The immediate families of the Russian Emperor and British King pose together for a portrait on the Isle of Wight, Cowes, England, 1909.
Prince Albert, the future King George VI and father of the current Queen Elizabeth II, was missing from the portrait because he was ill with whooping cough and no one wanted to risk passing on the illness to the hemophiliac Tsarevich.
After King Edward VII and his wife Queen Alexandra’s state visit to Russia in the previous year, the Romanov Family repaid the visit by sailing the imperial yacht Standart to the Isle of Wight. The bustling city of London was out of the question for a meeting place because Tsar Nicholas II was a popular target of the anarchists and anti-monarchists. The Standart and the accompanying Russian fleet was met by the English’s Victoria and Albert before reaching the seaport town of Cowes, England. The King and the Emperor spoke in their toasts of the Anglo-Russian friendship and of world peace. The King observed that the Emperor was no stranger to England in general, nor to Cowes in particular.
After lunch, the older two Grand Duchesses, Olga and Tatiana, went alone into the town, accompanied by several members of the suite. One had to see the joy and pleasure they expressed above all at being able to walk about without being recognized. Gay, hardy, they seemed quite at ease, entering into shops, buying postcards and all kinds of souvenirs. They took a ferry from one part of the town to another and were very happy that they could pay the price of the passage themselves.
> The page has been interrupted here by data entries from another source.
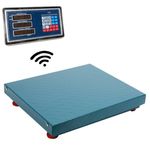 Casa si Gradina - Constructii - Depozitare, transport si protectie - Cantare electronice comerciale - Cantar electronic 350 kg, WI-FI, 40*50 cm, Afisaj LCD iluminat, Autonomie mare de pana la 200 h, Precizie ridicata de 20 g - Infinity.ro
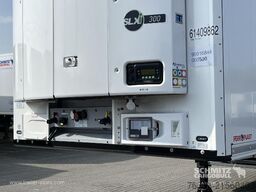 Schmitz Cargobull Tiefkühler Standard Doppelstock Trennwand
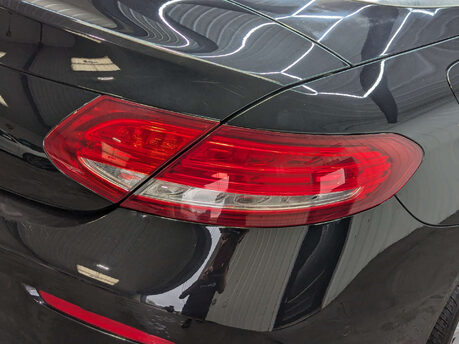 Mercedes-Benz C Class 2.0 C 200 AMG Line Premium+ Auto 2dr 46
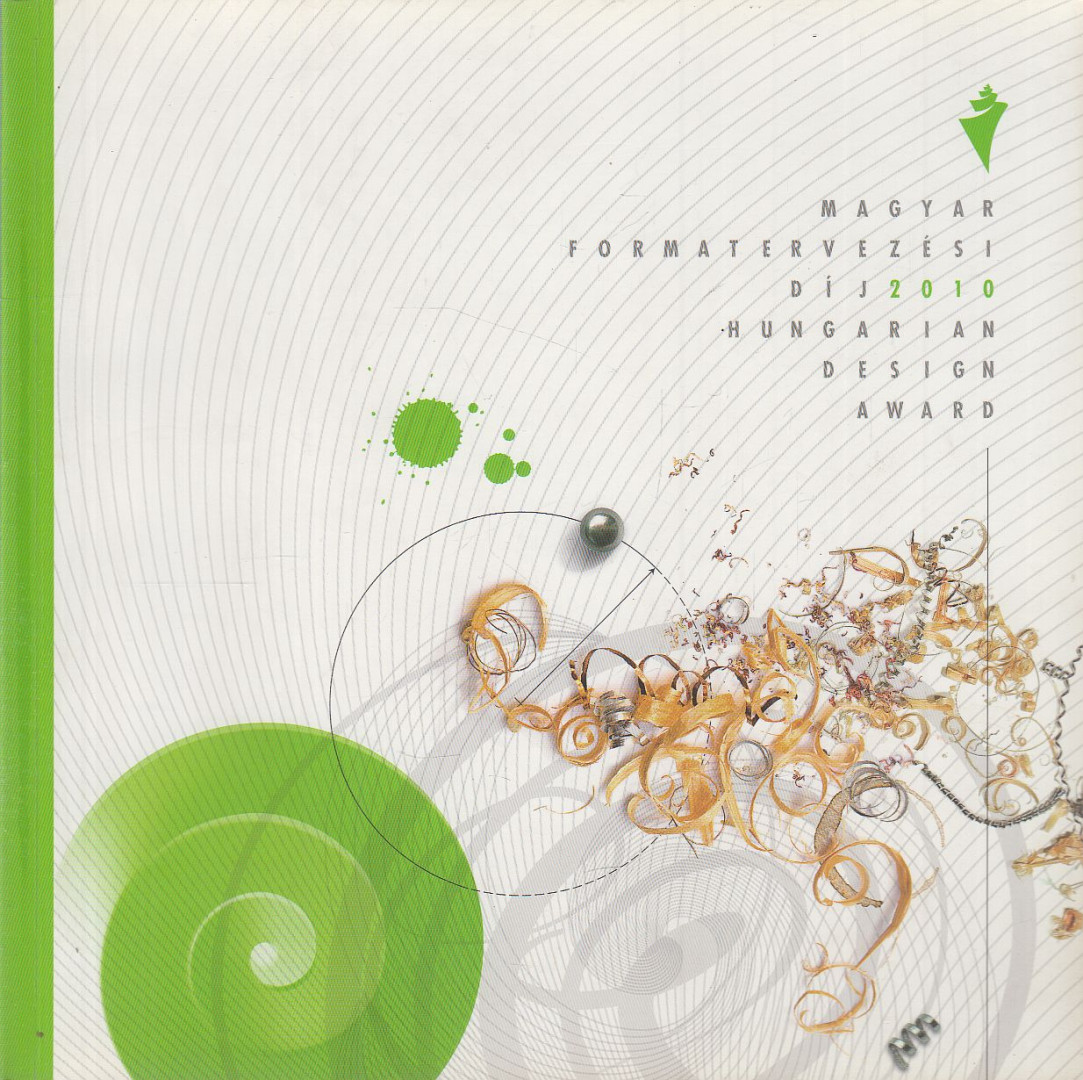 Vadas József, Sebestyén Rita - Magyar Formatervezési Díj 2010 [antikvár]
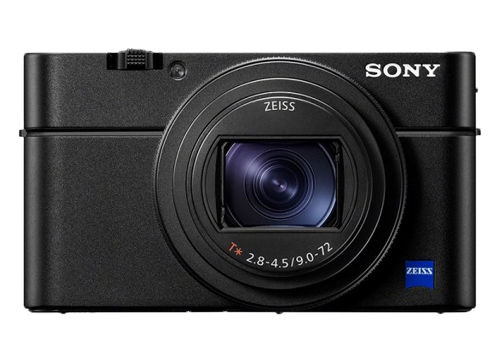 SONY RX100 VII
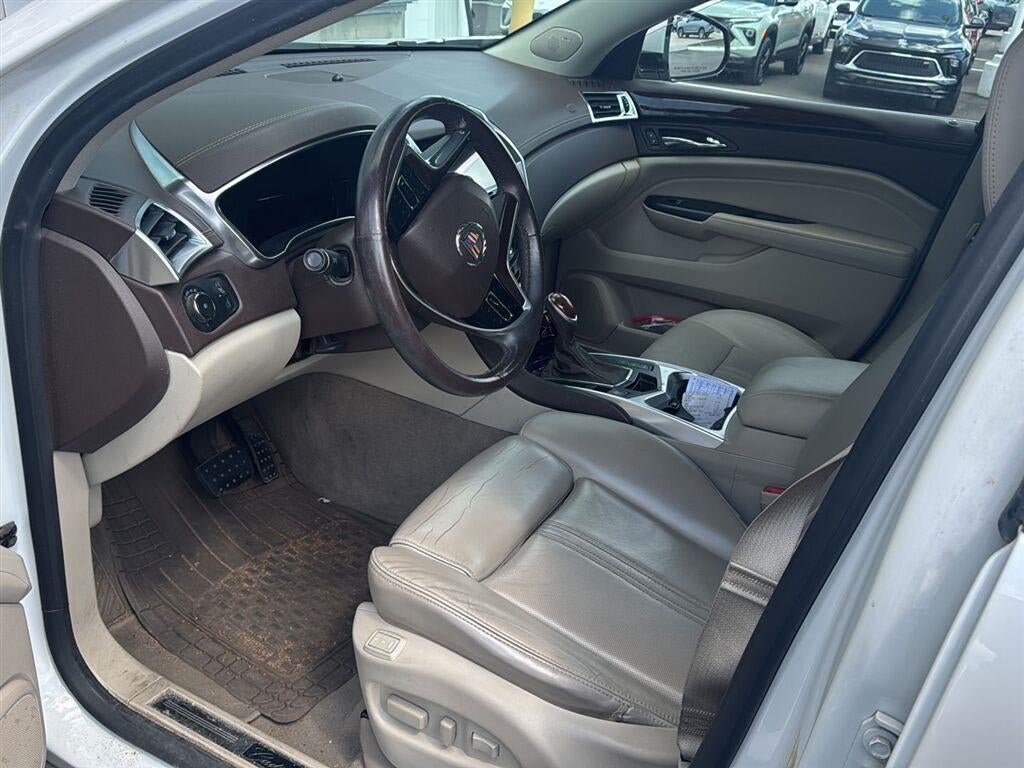 2015 Cadillac SRX Performance Collection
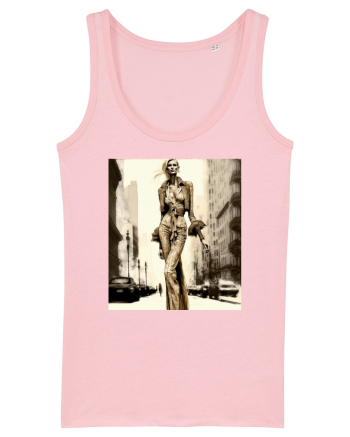DIGITAL ART 27 Cotton Pink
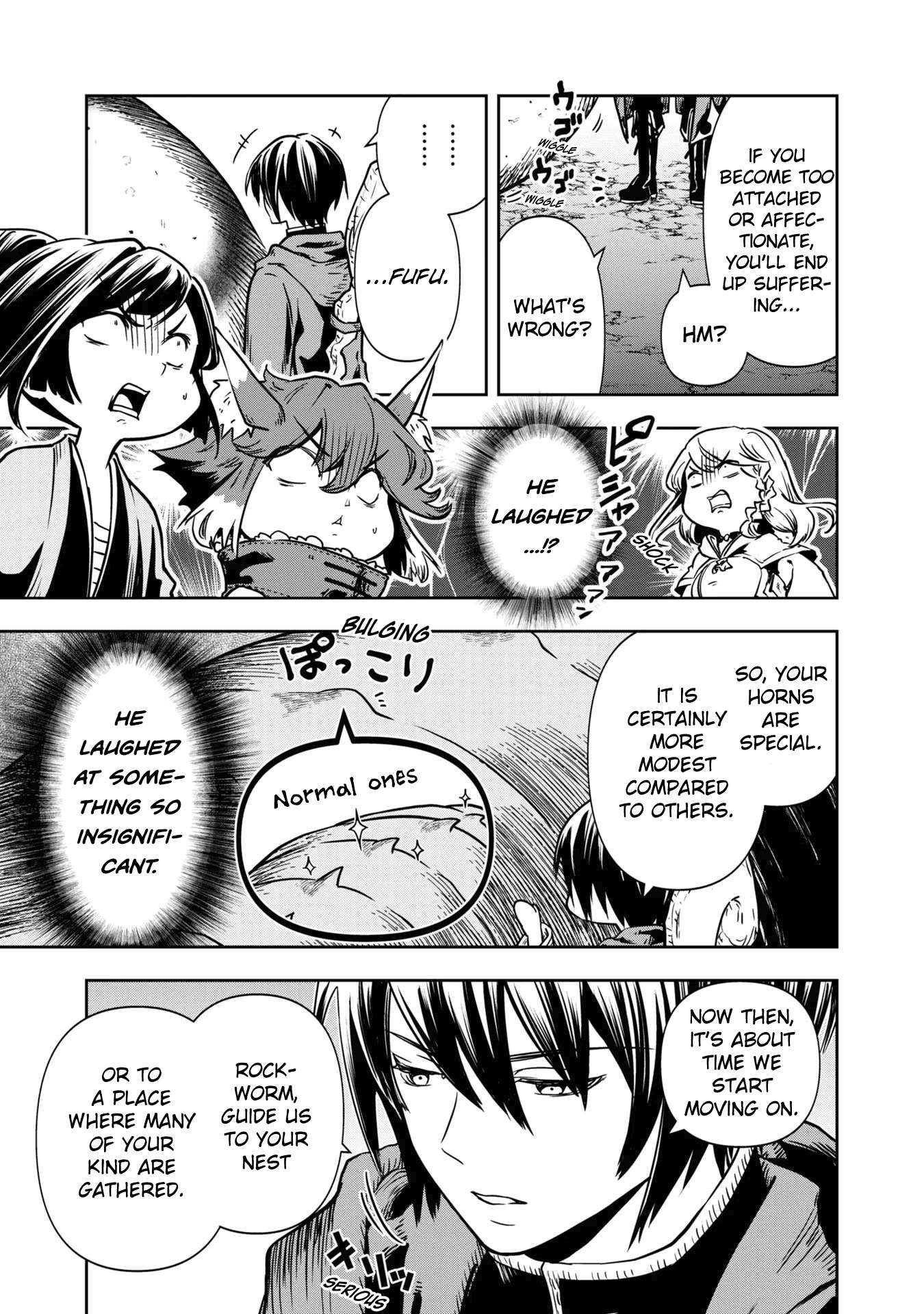 Is It Odd That I Became An Adventurer Even If I Graduated From The Witchcraft Institute? chapter 30 page 4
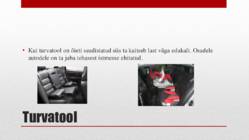 Turvaseadised-autotehnik #6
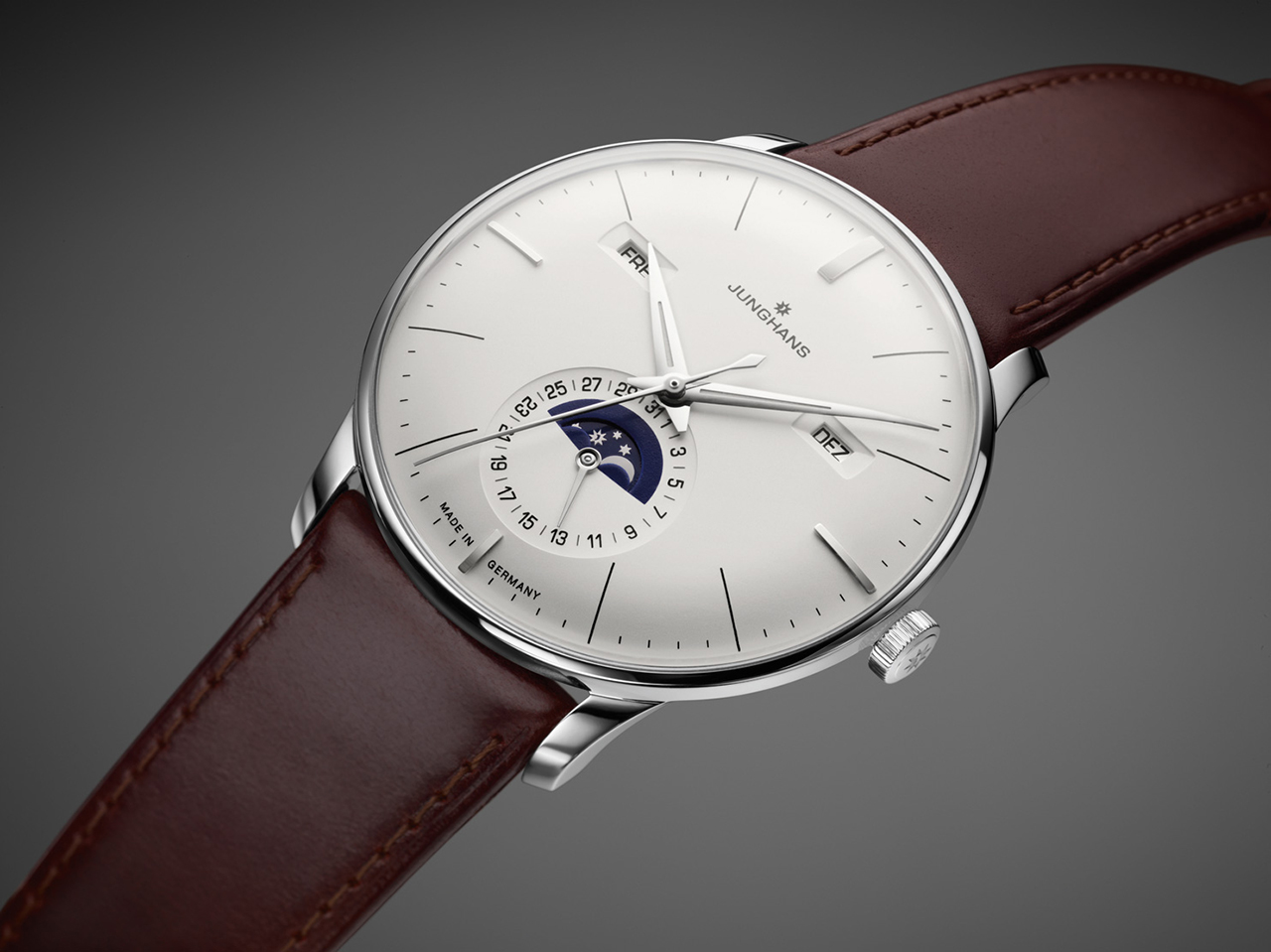 Watch Meister Calendar Automatic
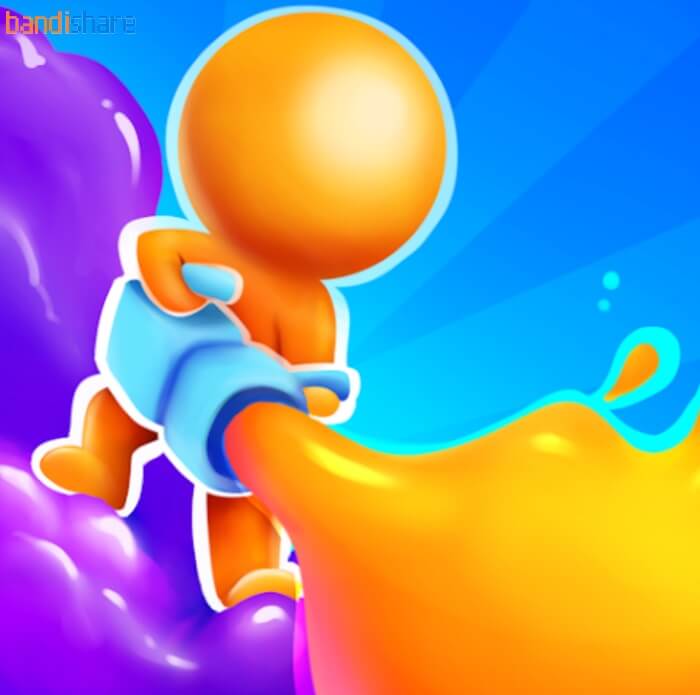 Tải Dye Hard MOD (Mua Sắm Miễn Phí, No ADS) v0.10.2 APK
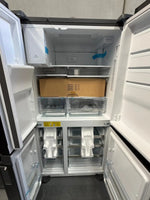 Factory Seconds Westinghouse 609L Quad Door Fridge – WQE6170BB | MELBOURNE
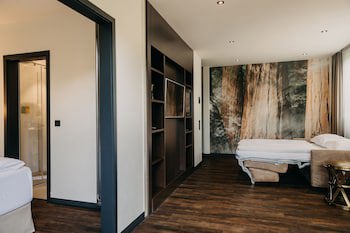 Hotel Forsthaus Nurnberg Furth galeri fotoğrafı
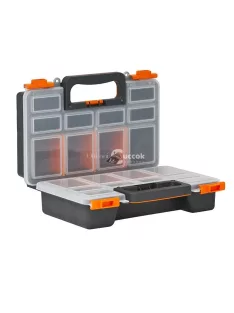   Professzionális dupla rendszerezőtáska - 290 x 200 x 120 mm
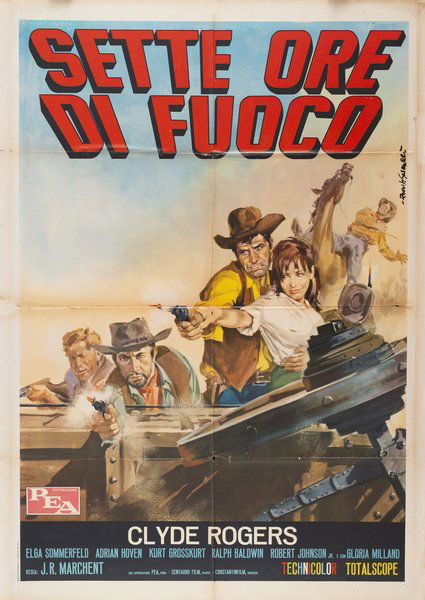 Sette ore di fuoco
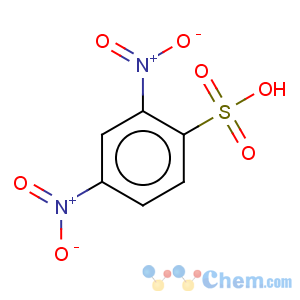CAS No:89-02-1 2,4-Dinitrobenzenesulfonic acid hydrate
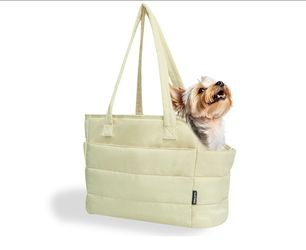 Straujtic Small Dog Carrier Tote Bag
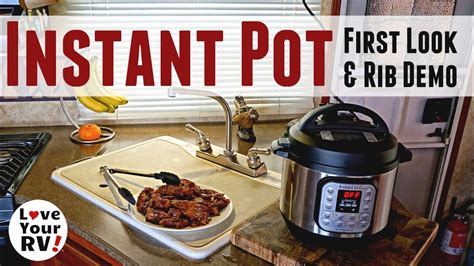 Instant Pot Tutorial 的图像结果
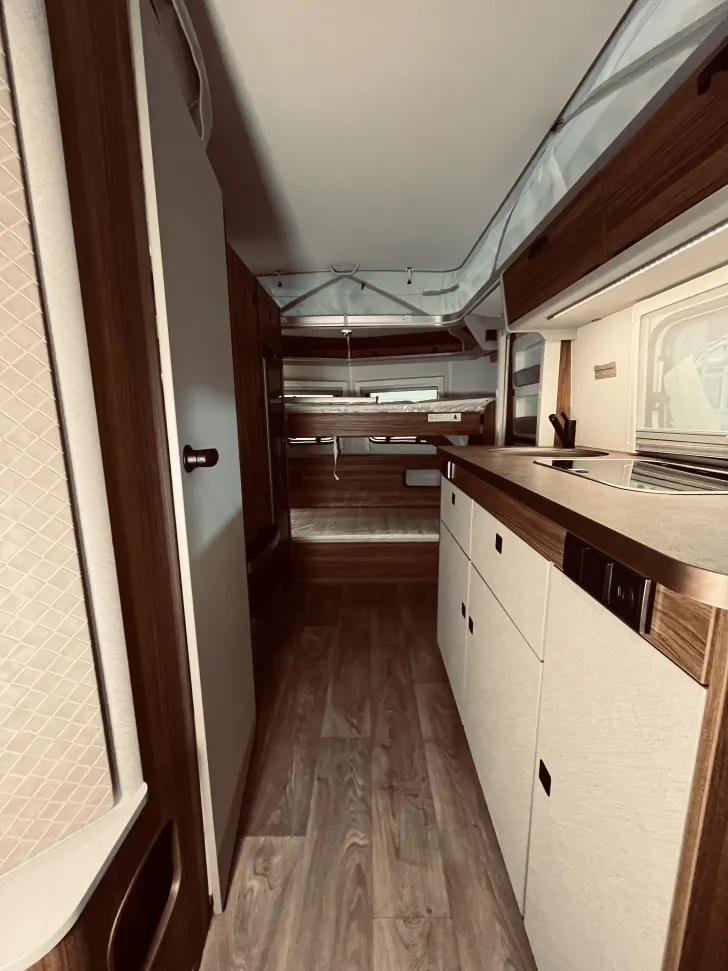 Fahrzeugbild Hymer Eriba Touring 560 #18
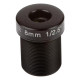 Axis ACC LENS M12 8MM F1.6 10PCS Référence: 5504-971
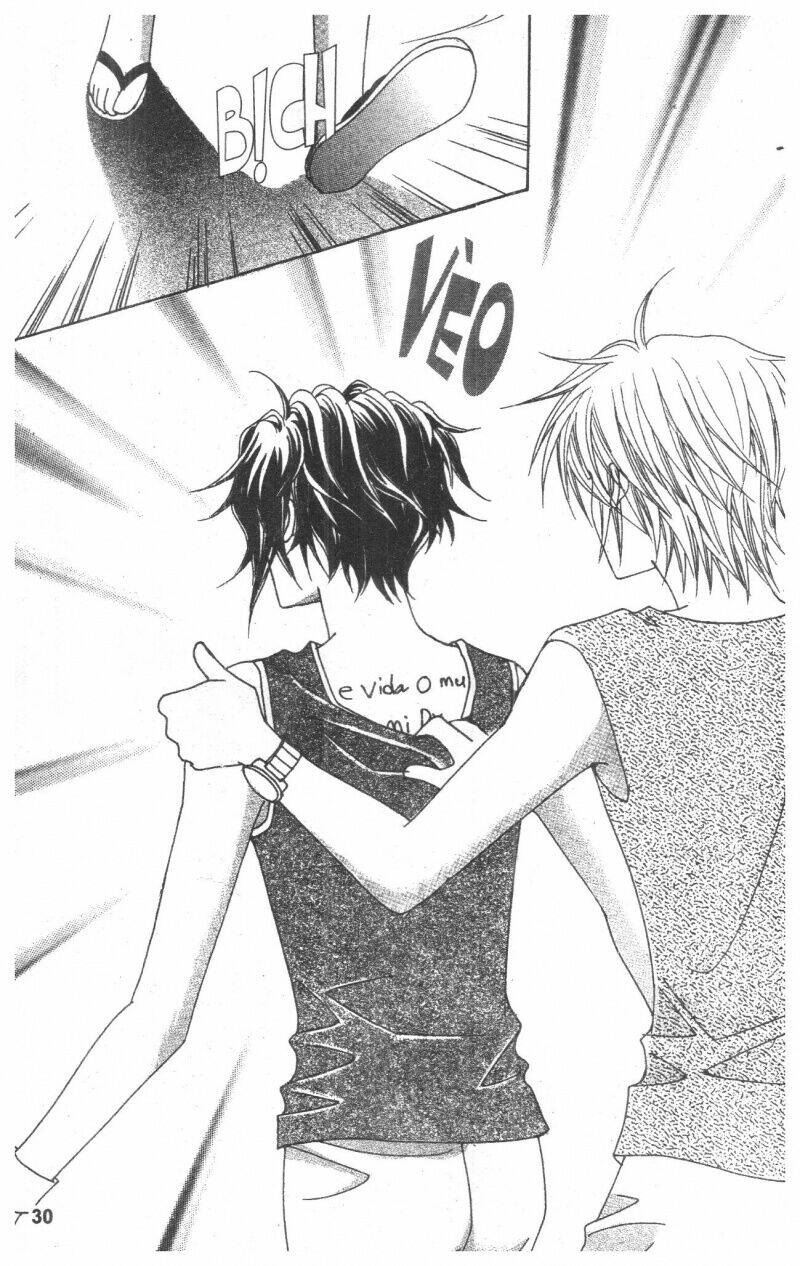 Cũng Vì Em: Chapter 10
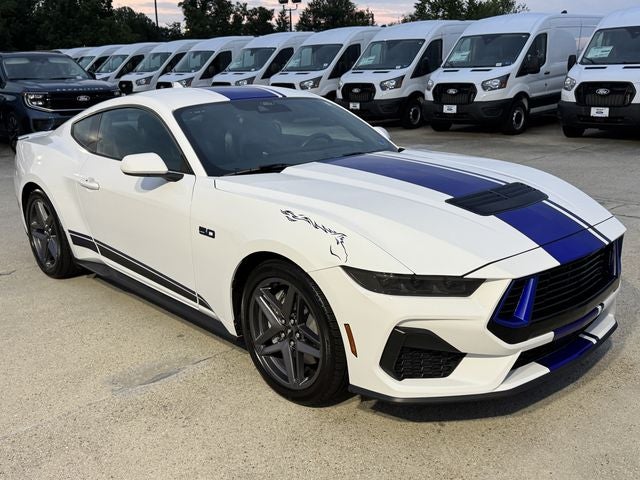 2024 Ford Mustang GT Premium | California Special | LOW MILES | Automatic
However, the public soon learned who these young ladies were, happy, svelte, frolicking, in grey dresses. Returning to the disembarkation quay, the Grand Duchesses looked at the time and decided that it was still too early to return to the yacht. So they hailed two carriages which took them back to town, as they wanted to visit the local church. The pastor was extremely happy to show them anything about the church which interested them. They visited the tomb of Henry of Battenberg, their grand-uncle, and the armchair used by Queen Victoria when she went to the church. The Grand Duchesses returned to the Standart for tea. This state visit was dramatized in the 2003 British film, The Lost Prince.